WORK TASK: With the pictures set aside, reproduce each entry precisely as it reads.

[Dataset records]
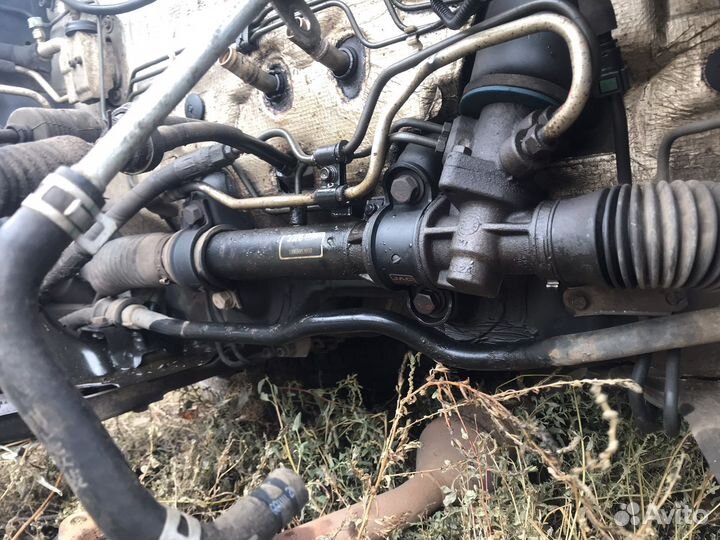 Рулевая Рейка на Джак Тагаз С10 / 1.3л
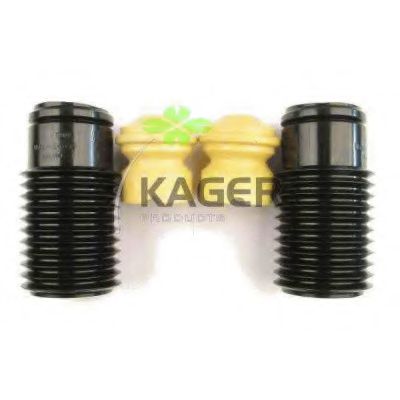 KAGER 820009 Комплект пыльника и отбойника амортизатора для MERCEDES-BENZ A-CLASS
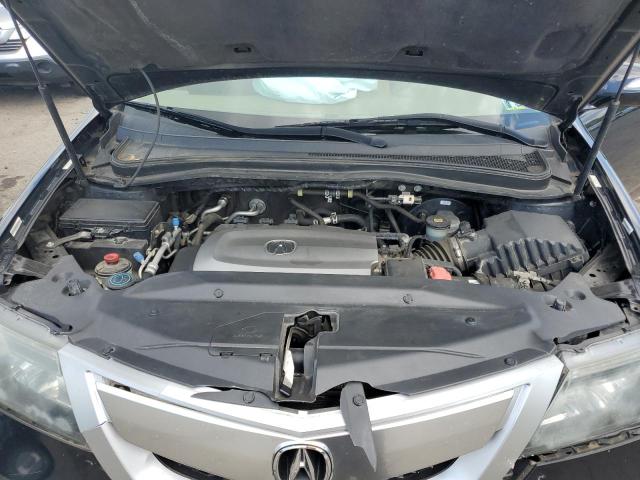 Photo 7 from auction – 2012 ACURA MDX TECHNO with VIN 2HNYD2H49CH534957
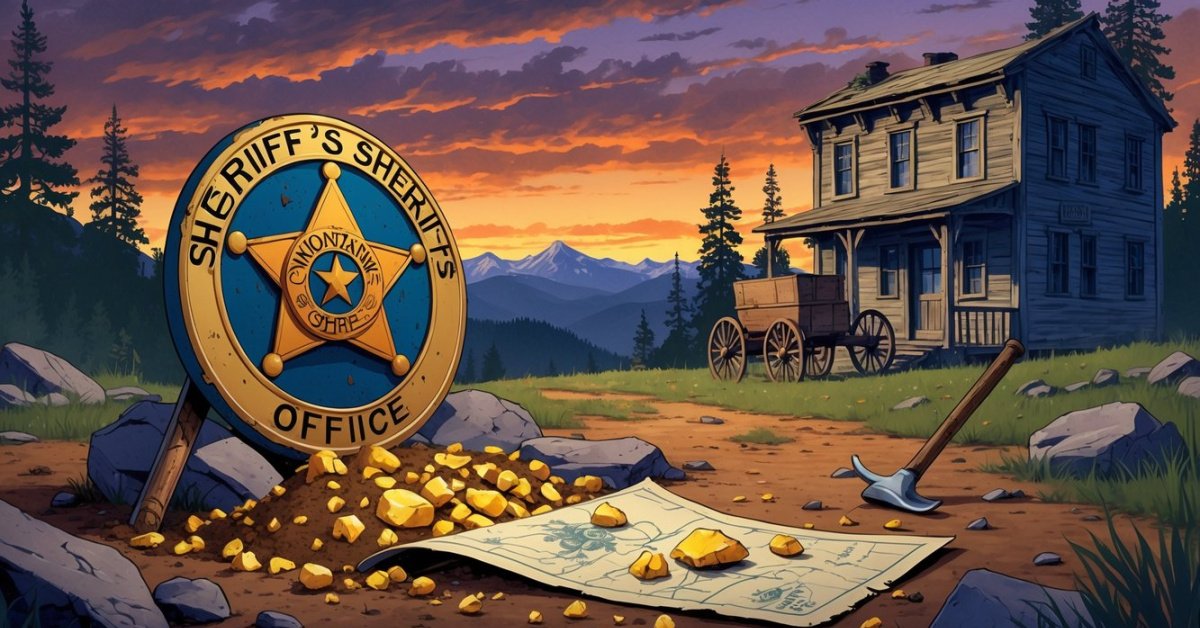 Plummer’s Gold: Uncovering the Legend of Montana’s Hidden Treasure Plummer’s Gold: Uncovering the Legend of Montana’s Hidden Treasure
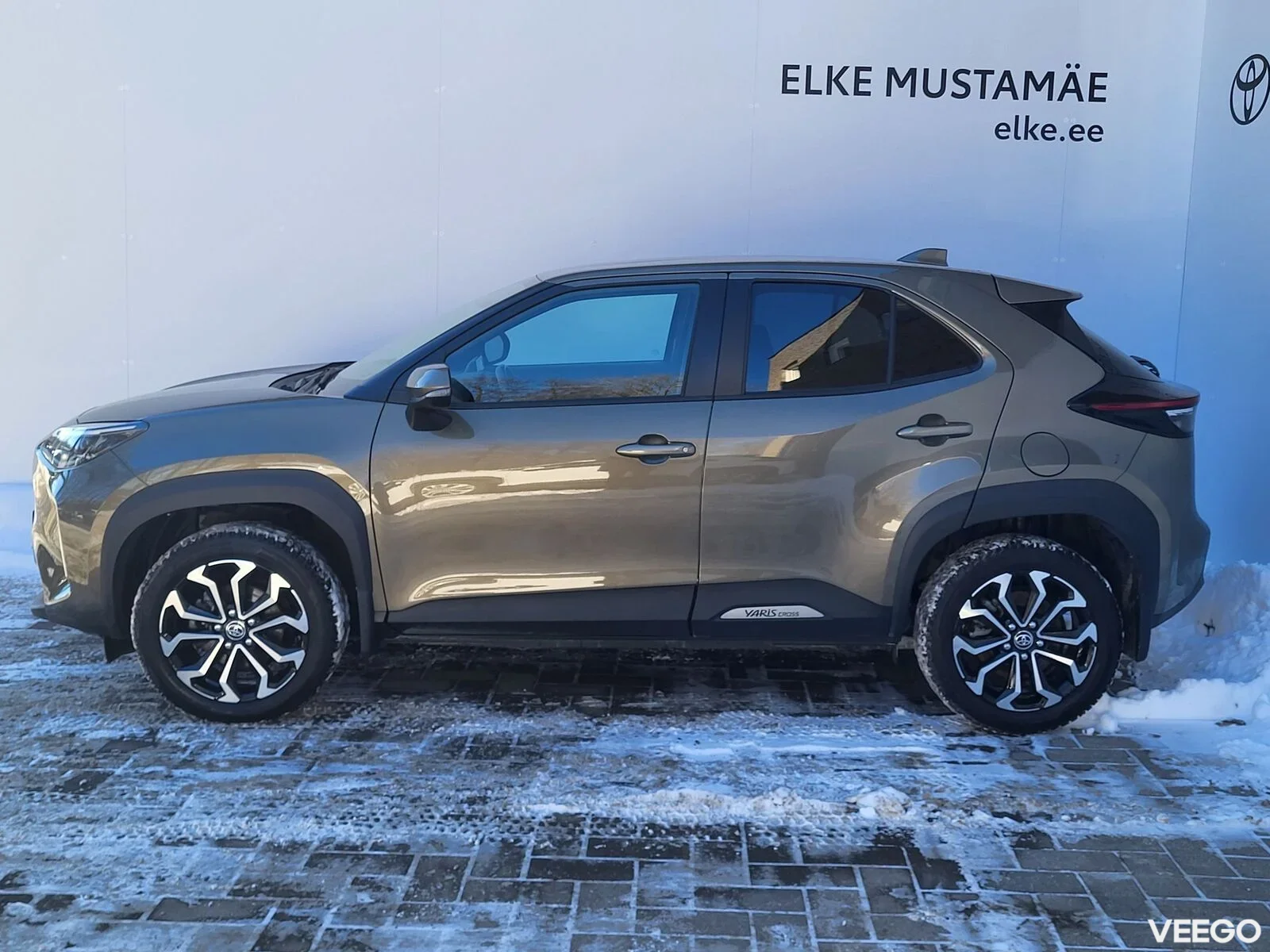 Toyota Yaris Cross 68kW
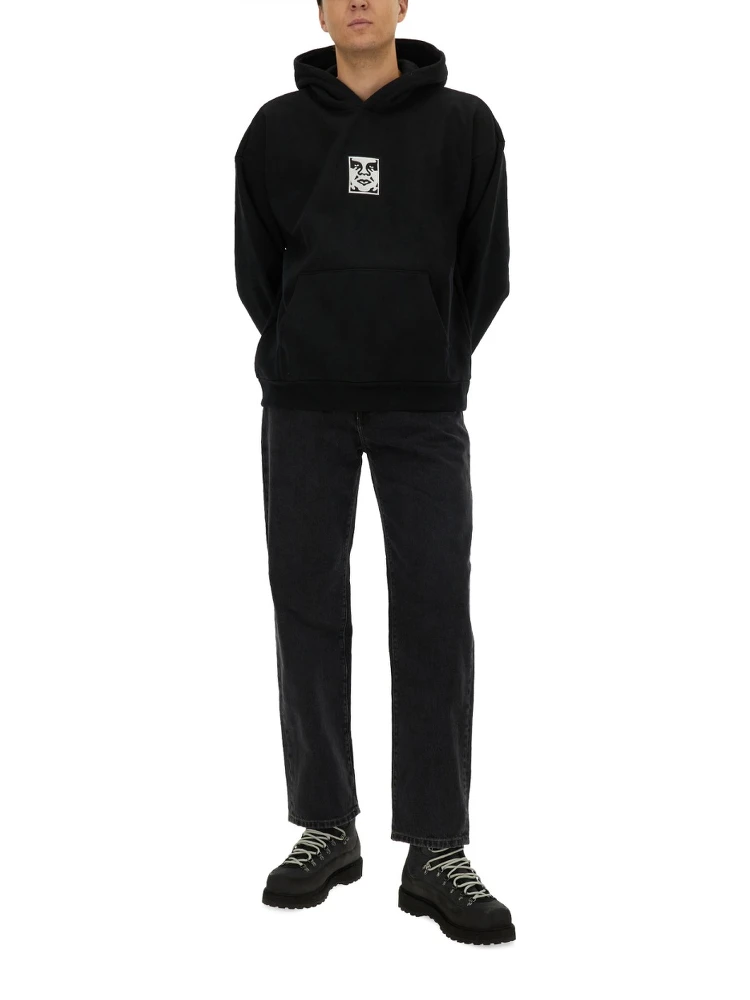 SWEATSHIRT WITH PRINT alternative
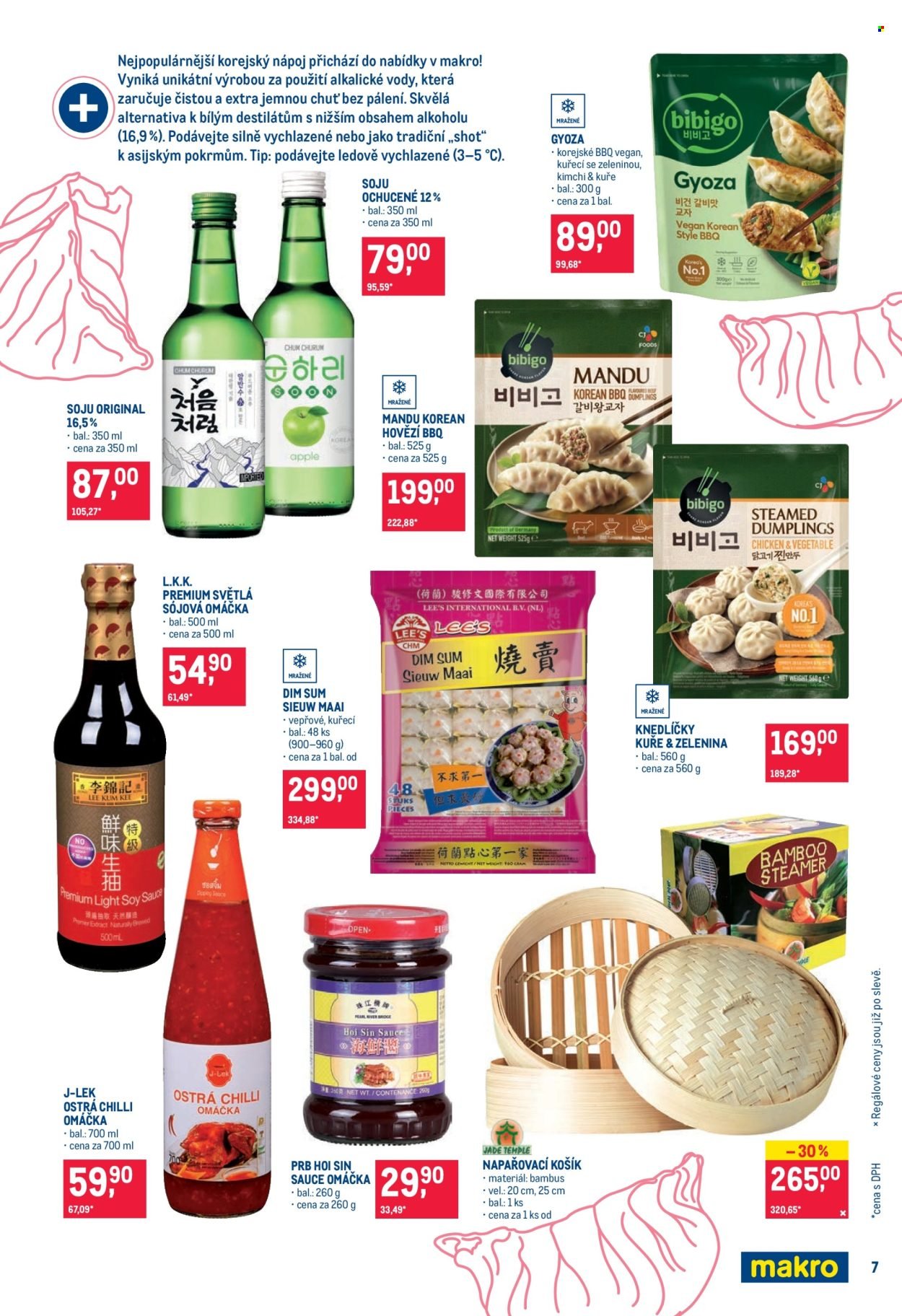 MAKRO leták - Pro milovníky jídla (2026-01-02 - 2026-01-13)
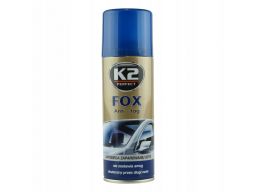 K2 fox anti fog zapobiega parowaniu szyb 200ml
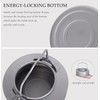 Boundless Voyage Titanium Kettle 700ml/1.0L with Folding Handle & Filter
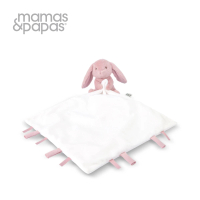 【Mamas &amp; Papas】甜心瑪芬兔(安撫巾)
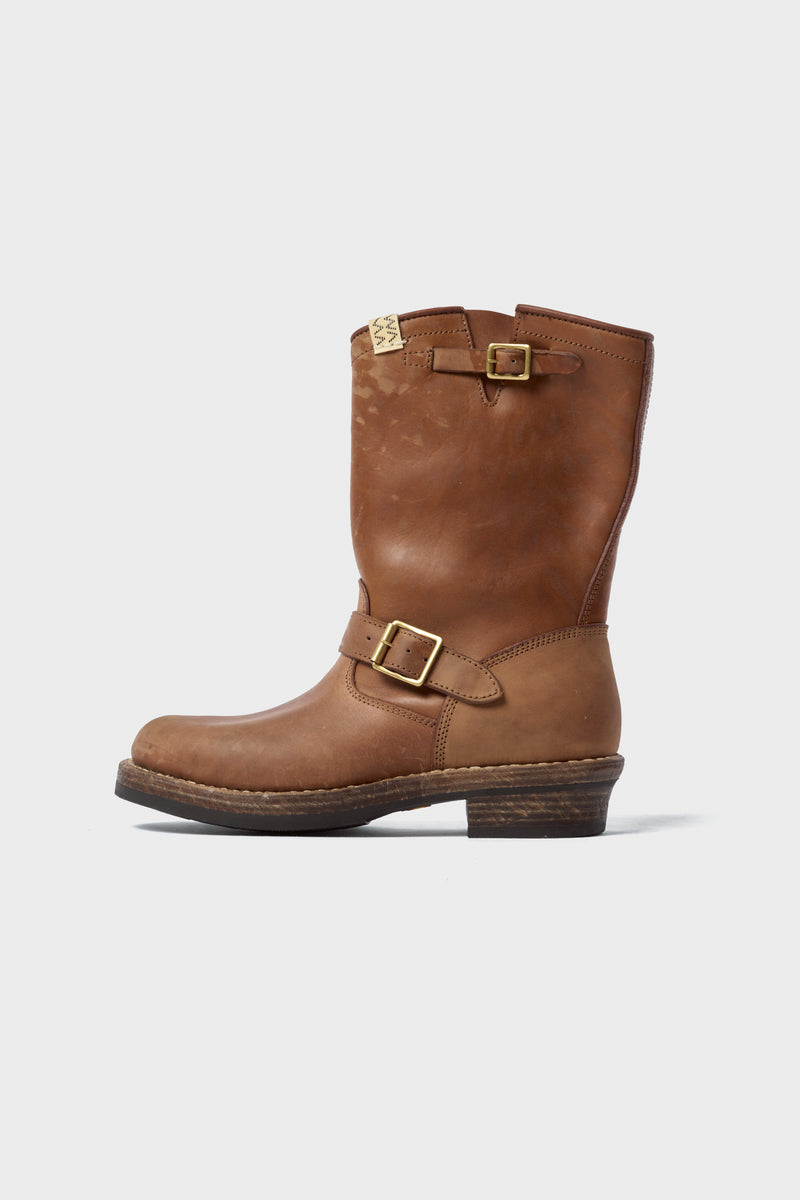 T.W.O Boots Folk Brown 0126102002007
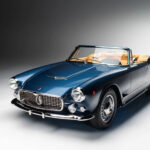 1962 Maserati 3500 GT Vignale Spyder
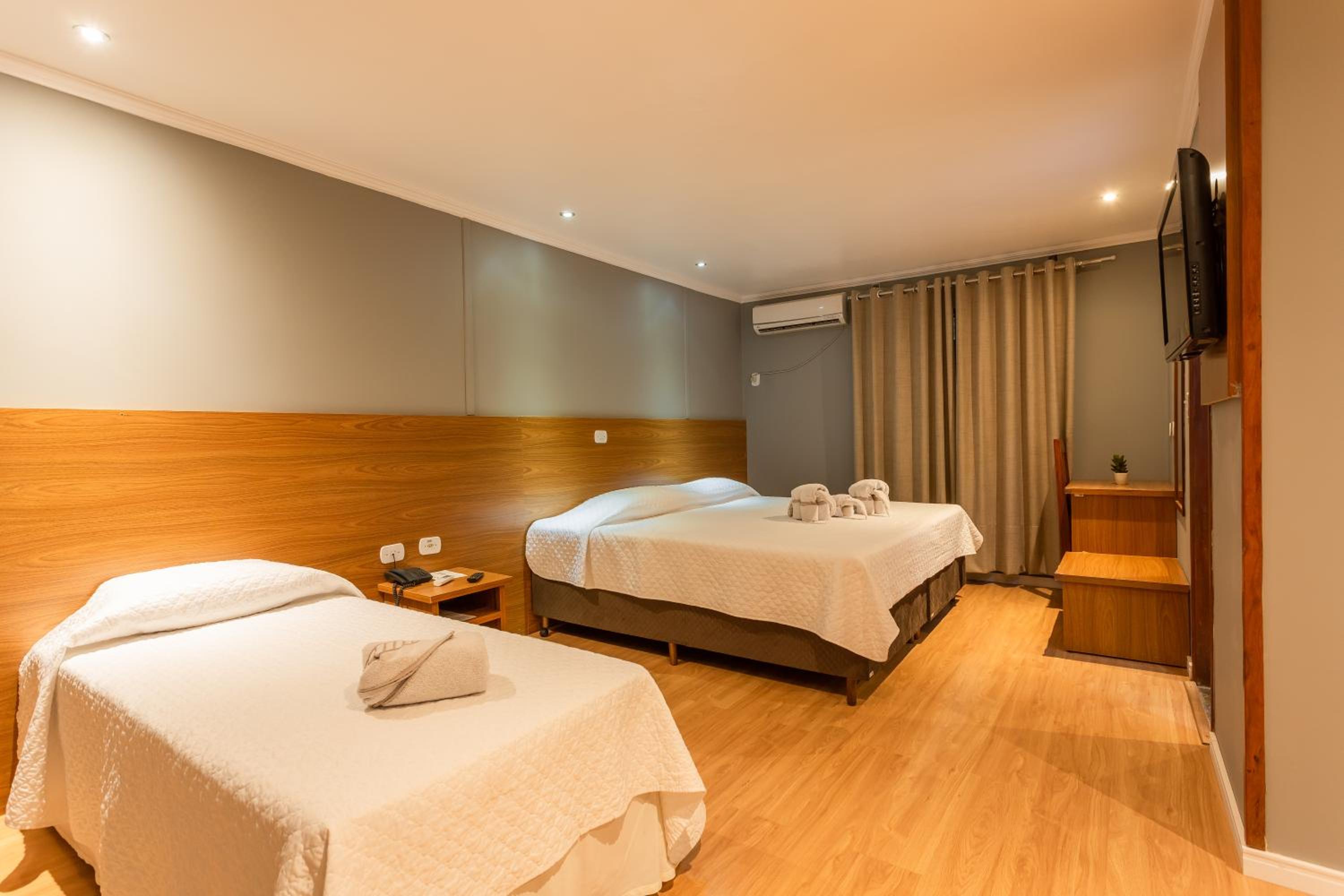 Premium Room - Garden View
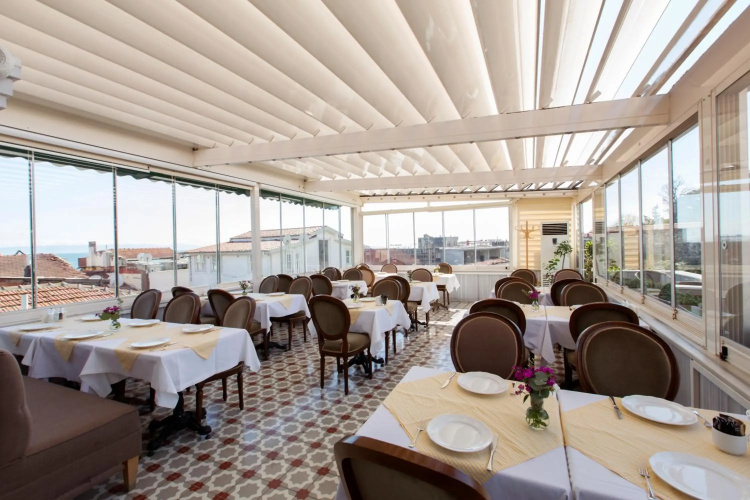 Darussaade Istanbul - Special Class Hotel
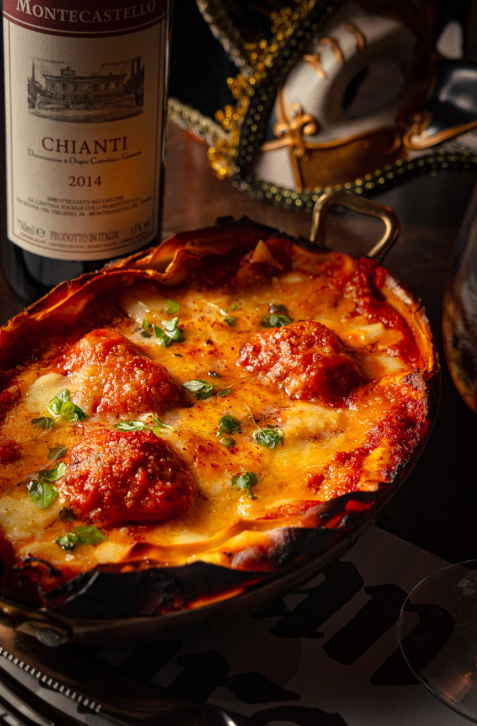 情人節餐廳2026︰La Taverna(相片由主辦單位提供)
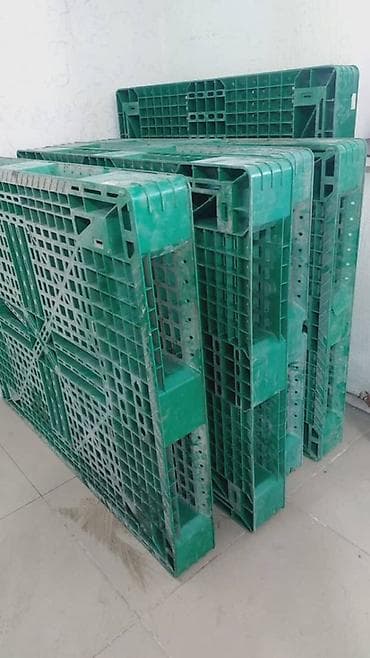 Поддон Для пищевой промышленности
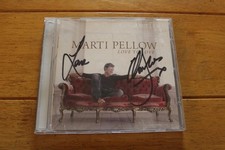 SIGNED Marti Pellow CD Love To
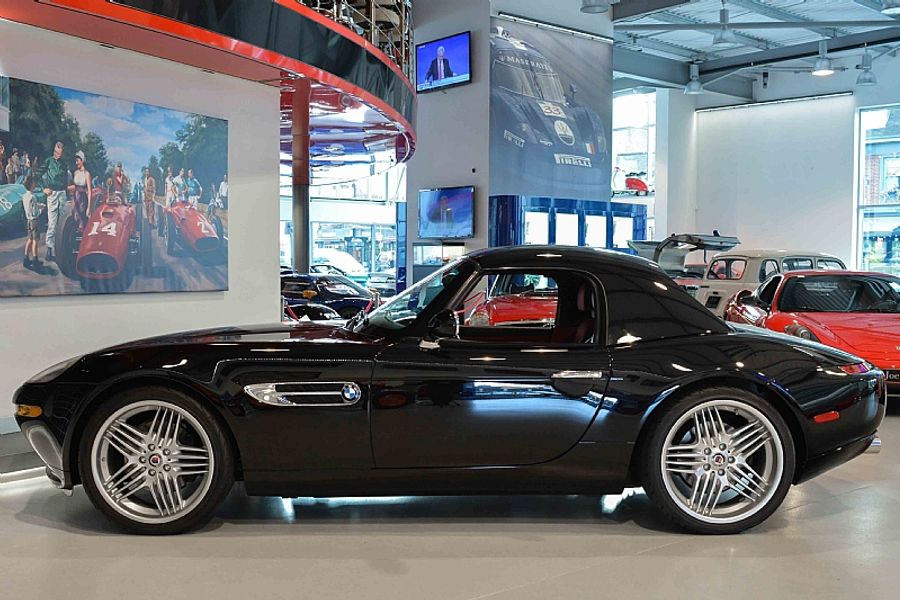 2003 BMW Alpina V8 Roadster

RESULT OF THIS EXERCISE:
 Рулевая Рейка на Джак Тагаз С10 / 1.3л
 KAGER 820009 Комплект пыльника и отбойника амортизатора для MERCEDES-BENZ A-CLASS
 Photo 7 from auction – 2012 ACURA MDX TECHNO with VIN 2HNYD2H49CH534957
 Plummer’s Gold: Uncovering the Legend of Montana’s Hidden Treasure Plummer’s Gold: Uncovering the Legend of Montana’s Hidden Treasure
 Toyota Yaris Cross 68kW
 SWEATSHIRT WITH PRINT alternative
 MAKRO leták - Pro milovníky jídla (2026-01-02 - 2026-01-13)
 K2 fox anti fog zapobiega parowaniu szyb 200ml
 Boundless Voyage Titanium Kettle 700ml/1.0L with Folding Handle & Filter
 【Mamas &amp; Papas】甜心瑪芬兔(安撫巾)
 T.W.O Boots Folk Brown 0126102002007
 1962 Maserati 3500 GT Vignale Spyder
 Premium Room - Garden View
 Darussaade Istanbul - Special Class Hotel
 情人節餐廳2026︰La Taverna(相片由主辦單位提供)
 Поддон Для пищевой промышленности
 SIGNED Marti Pellow CD Love To
 2003 BMW Alpina V8 Roadster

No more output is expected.